Generating by Understanding: Neural Visual Generation with Logical
Symbol Groundings
- URL: http://arxiv.org/abs/2310.17451v2
- Date: Mon, 5 Feb 2024 02:50:49 GMT
- Title: Generating by Understanding: Neural Visual Generation with Logical
Symbol Groundings
- Authors: Yifei Peng, Yu Jin, Zhexu Luo, Yao-Xiang Ding, Wang-Zhou Dai, Zhong
Ren, Kun Zhou
- Abstract summary: We propose a neurosymbolic learning approach, Abductive visual Generation (AbdGen), for integrating logic programming systems with neural visual generative models.
Results show that compared to the baseline approaches, AbdGen requires significantly less labeled data for symbol assignment.
AbdGen can effectively learn underlying logical generative rules from data, which is out of the capability of existing approaches.
- Score: 26.134405924834525
- License: http://creativecommons.org/licenses/by/4.0/
- Abstract: Despite the great success of neural visual generative models in recent years,
integrating them with strong symbolic reasoning systems remains a challenging
task. There are two levels of symbol grounding problems among the core
challenges: the first is symbol assignment, i.e. mapping latent factors of
neural visual generators to semantic-meaningful symbolic factors from the
reasoning systems by learning from limited labeled data. The second is rule
learning, i.e. learning new rules that govern the generative process to enhance
the symbolic reasoning systems. To deal with these two problems, we propose a
neurosymbolic learning approach, Abductive visual Generation (AbdGen), for
integrating logic programming systems with neural visual generative models
based on the abductive learning framework. To achieve reliable and efficient
symbol grounding, the quantized abduction method is introduced for generating
abduction proposals by the nearest-neighbor lookup within semantic codebooks.

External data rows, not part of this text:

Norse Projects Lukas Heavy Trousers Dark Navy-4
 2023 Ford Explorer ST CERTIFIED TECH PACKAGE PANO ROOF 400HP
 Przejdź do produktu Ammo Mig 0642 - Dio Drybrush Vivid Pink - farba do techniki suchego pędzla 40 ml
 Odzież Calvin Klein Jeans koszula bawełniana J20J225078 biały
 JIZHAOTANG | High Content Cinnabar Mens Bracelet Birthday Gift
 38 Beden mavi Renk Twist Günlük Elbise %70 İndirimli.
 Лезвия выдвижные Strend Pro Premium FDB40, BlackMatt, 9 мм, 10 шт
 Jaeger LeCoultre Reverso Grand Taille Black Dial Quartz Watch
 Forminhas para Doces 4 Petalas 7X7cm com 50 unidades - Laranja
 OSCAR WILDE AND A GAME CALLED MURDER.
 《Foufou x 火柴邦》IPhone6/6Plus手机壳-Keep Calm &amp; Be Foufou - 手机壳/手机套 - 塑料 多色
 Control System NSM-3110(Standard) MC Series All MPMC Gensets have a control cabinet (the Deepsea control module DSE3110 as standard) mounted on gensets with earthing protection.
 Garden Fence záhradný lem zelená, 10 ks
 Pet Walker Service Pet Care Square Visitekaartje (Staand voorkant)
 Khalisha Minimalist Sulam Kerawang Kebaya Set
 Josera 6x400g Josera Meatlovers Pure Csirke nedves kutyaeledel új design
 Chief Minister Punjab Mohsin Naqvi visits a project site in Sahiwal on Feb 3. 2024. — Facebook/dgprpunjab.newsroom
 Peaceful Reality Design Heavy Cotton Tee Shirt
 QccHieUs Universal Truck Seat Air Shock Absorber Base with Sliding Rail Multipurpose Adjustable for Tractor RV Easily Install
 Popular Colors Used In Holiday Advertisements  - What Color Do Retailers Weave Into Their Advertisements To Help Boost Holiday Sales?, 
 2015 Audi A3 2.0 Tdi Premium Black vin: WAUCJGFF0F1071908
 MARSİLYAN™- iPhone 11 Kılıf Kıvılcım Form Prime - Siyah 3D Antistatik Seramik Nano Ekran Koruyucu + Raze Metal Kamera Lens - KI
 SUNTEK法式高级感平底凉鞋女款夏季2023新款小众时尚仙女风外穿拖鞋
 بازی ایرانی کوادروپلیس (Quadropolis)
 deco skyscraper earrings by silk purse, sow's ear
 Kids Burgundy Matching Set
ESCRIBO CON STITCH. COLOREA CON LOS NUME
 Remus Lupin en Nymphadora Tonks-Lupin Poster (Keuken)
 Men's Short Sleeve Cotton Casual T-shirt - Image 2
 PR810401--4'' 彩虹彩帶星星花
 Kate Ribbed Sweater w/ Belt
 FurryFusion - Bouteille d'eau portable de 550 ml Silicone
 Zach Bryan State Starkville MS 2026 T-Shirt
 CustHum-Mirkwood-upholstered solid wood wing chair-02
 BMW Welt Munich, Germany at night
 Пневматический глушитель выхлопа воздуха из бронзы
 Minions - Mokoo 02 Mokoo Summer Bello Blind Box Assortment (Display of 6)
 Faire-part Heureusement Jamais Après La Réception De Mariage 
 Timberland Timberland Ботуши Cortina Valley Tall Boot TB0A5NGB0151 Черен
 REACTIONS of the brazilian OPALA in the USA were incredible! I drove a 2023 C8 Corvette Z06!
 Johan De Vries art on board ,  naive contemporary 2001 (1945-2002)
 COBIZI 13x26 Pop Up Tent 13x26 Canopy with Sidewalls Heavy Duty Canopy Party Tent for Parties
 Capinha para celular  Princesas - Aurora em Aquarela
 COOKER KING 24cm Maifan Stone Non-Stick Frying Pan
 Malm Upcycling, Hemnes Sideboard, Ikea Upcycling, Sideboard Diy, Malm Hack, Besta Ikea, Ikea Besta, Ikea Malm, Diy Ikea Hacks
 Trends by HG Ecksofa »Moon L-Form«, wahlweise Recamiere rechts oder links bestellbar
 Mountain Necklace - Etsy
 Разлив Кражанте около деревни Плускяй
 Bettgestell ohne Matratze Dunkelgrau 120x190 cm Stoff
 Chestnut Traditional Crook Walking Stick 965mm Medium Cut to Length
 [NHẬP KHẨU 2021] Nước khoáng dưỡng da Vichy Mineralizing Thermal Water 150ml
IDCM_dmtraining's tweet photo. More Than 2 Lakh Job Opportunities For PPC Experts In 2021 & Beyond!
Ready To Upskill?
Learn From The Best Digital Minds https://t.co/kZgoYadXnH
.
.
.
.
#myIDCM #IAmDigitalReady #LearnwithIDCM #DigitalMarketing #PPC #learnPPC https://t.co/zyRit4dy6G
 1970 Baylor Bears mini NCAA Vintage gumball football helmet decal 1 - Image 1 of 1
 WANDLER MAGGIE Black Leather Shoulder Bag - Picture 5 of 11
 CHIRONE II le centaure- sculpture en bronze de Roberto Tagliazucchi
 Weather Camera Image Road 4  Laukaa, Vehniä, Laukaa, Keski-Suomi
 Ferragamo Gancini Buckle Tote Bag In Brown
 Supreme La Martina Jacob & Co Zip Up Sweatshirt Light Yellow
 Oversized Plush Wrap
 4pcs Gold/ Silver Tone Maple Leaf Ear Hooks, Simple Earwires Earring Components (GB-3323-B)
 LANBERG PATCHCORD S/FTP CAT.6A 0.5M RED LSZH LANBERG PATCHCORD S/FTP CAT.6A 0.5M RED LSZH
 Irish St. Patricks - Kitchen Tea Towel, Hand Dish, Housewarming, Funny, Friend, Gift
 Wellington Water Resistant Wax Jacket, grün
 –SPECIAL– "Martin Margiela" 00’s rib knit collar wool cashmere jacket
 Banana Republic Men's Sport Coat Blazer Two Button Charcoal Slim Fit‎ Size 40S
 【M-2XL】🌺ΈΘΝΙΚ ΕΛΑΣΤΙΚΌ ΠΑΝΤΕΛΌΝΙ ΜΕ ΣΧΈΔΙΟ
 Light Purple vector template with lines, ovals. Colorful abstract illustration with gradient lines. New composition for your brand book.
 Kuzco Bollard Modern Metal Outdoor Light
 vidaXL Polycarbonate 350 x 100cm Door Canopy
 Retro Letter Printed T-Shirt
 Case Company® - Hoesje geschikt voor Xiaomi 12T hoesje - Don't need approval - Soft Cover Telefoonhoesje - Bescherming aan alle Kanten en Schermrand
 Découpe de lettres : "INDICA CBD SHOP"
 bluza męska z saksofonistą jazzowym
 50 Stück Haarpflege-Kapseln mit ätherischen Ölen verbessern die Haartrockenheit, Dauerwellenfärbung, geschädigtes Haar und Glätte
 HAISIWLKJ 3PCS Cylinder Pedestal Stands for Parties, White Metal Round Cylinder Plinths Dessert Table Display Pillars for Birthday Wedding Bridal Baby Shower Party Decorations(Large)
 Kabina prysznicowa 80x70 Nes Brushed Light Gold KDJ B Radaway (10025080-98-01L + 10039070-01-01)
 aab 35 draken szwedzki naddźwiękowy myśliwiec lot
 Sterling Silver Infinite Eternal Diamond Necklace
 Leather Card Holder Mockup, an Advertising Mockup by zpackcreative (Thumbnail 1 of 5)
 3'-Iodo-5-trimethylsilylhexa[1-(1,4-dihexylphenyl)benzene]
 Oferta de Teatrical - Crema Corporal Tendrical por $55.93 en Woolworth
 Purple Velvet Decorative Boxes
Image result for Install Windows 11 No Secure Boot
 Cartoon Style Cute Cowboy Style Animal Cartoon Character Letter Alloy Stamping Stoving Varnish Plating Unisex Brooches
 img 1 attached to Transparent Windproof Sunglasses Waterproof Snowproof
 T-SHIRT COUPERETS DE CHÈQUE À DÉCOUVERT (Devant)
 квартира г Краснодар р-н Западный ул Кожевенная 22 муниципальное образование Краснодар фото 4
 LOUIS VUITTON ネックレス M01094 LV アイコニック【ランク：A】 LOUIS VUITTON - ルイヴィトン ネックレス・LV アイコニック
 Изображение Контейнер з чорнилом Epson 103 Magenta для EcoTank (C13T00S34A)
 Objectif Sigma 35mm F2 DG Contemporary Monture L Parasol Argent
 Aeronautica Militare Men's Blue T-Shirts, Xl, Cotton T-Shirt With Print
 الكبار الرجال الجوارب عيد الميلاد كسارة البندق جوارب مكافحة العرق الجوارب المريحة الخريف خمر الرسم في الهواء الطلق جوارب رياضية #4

To achieve precise rule learning, the contrastive meta-abduction method is
proposed to eliminate wrong rules with positive cases and avoid less
informative rules with negative cases simultaneously. Experimental results show
that compared to the baseline approaches, AbdGen requires significantly less
labeled data for symbol assignment. Furthermore, AbdGen can effectively learn
underlying logical generative rules from data, which is out of the capability
of existing approaches. The code is released at this link:
https://github.com/candytalking/AbdGen.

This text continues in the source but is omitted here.